● **TASK TO COMPLETE**: Print, with no pictures, the exact lines that run from the one containing "Gesamtkosten des Besitzes: Wichtige" through the last line of the material below, both ends included.
━━━━━━━━━━
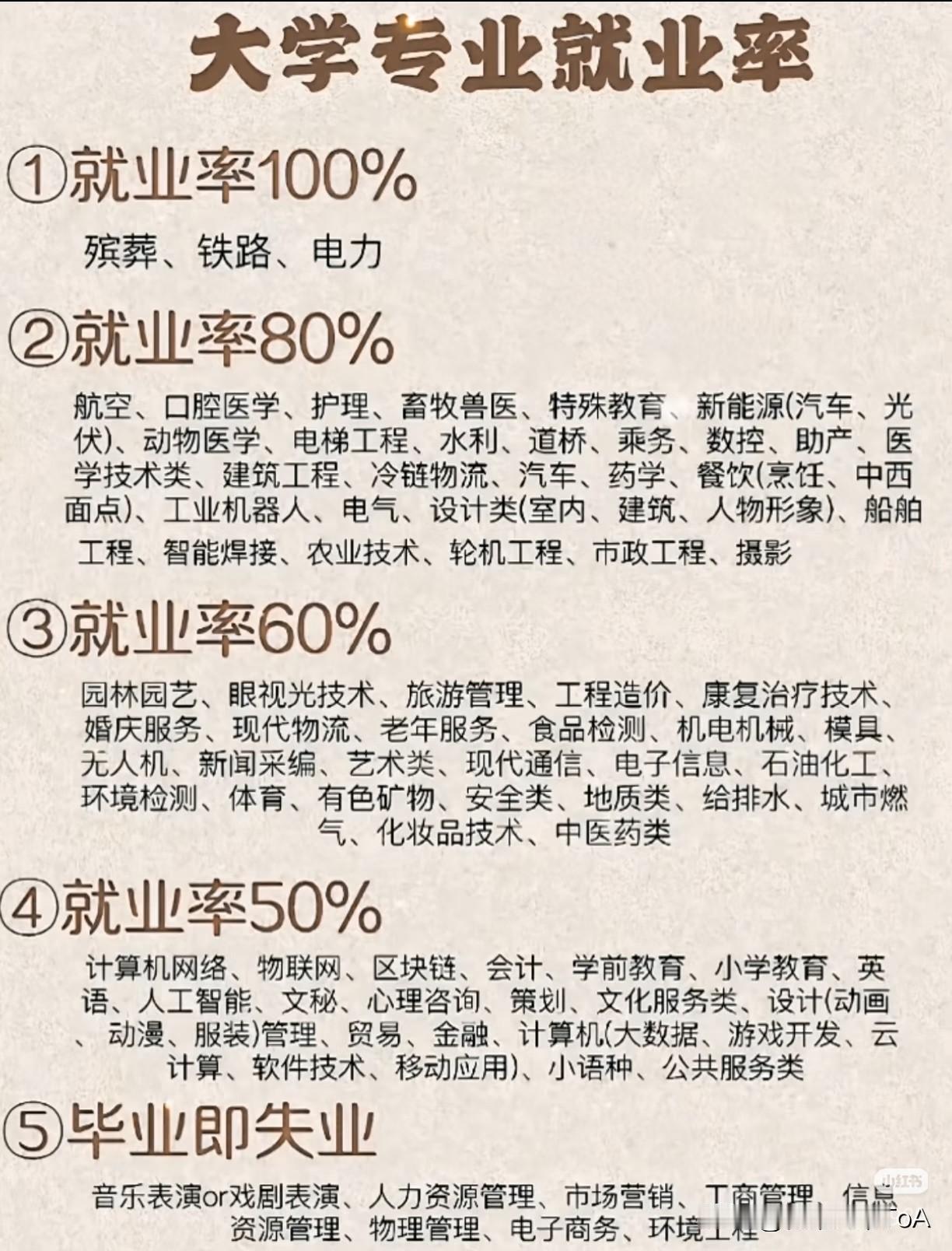 大学专业就业率表杀疯了！殡葬/铁路/电力100%就业，这几个专业直接“毕业即失业
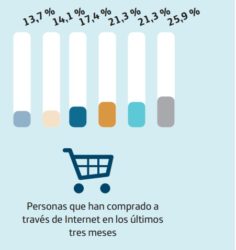 Evolución das compras por Internet en Galicia.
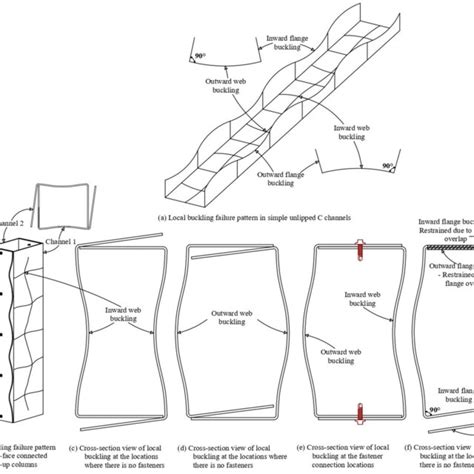 Possible Local Buckling Failure Modes In Built Up Columns And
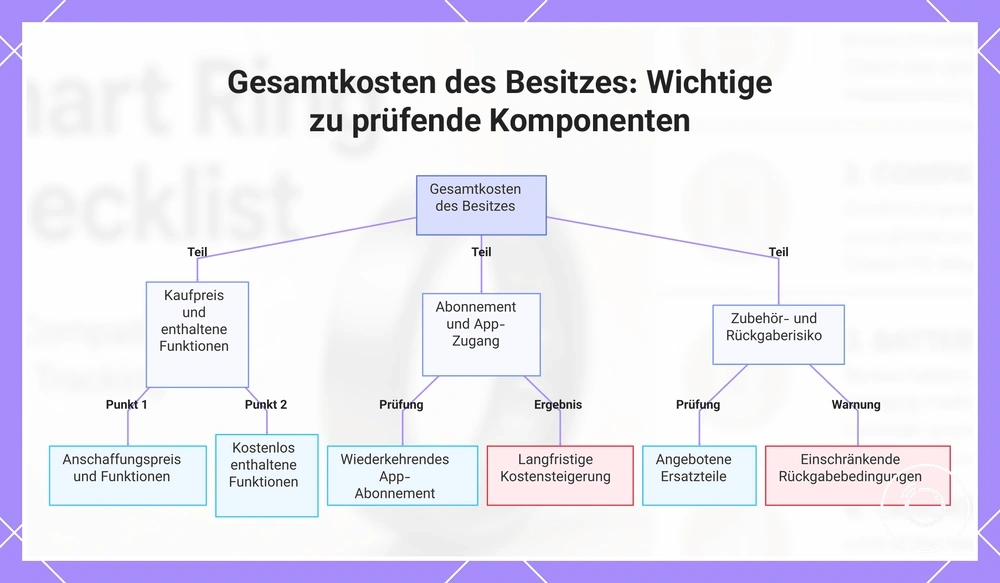 Gesamtkosten des Besitzes: Wichtige zu prüfende Komponenten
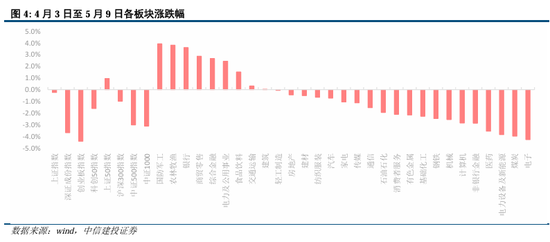 中信建投：中美关税会谈的后续  第7张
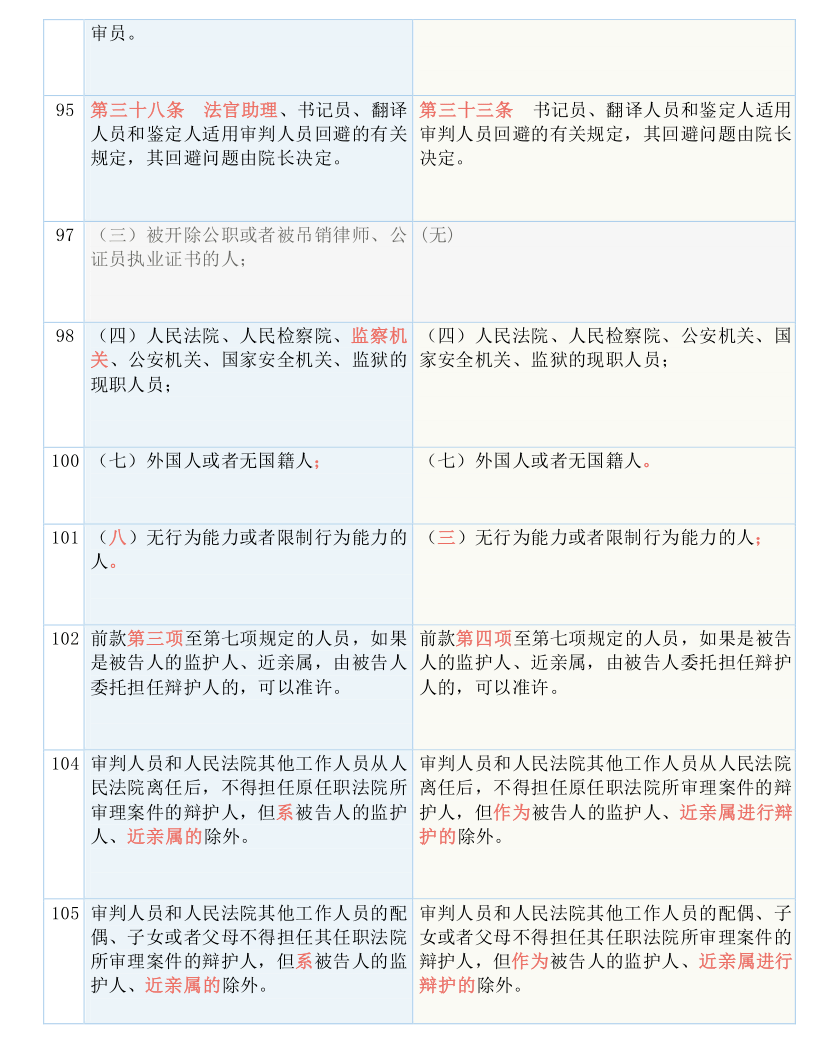 2025奥门正版精准资料-准确资料解释落实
━━━━━━━━━━
● **RESPONSE BOX**:
 Gesamtkosten des Besitzes: Wichtige zu prüfende Komponenten
 中信建投：中美关税会谈的后续  第7张
 2025奥门正版精准资料-准确资料解释落实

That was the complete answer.